Crawled caption data:

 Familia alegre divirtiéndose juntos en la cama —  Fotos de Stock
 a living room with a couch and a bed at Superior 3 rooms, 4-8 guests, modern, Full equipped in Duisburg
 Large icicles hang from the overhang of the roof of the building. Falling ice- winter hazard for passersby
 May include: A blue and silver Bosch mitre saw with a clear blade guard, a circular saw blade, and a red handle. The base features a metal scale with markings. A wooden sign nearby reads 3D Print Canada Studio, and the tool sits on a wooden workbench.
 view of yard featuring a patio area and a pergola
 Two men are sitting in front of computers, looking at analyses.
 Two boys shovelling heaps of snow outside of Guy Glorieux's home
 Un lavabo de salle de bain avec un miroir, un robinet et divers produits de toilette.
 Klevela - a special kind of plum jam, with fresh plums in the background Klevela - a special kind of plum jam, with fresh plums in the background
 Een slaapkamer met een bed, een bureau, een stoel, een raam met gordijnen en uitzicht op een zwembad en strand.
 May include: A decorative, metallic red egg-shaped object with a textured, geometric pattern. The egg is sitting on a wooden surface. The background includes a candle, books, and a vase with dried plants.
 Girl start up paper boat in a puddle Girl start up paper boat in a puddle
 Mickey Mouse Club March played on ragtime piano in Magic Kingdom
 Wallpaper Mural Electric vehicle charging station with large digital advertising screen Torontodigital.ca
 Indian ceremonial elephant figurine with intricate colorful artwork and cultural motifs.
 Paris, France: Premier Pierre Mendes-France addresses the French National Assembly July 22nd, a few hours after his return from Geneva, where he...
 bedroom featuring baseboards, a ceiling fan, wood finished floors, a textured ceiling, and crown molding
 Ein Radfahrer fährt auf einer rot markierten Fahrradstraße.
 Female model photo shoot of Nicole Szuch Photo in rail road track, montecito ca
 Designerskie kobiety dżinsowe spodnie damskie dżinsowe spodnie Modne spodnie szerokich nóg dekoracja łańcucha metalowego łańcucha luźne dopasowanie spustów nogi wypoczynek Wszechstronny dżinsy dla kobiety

Task brief —
Filter the records above for lines containing the word "textured", and copy those lines.

Answer —
 May include: A decorative, metallic red egg-shaped object with a textured, geometric pattern. The egg is sitting on a wooden surface. The background includes a candle, books, and a vase with dried plants.
 bedroom featuring baseboards, a ceiling fan, wood finished floors, a textured ceiling, and crown molding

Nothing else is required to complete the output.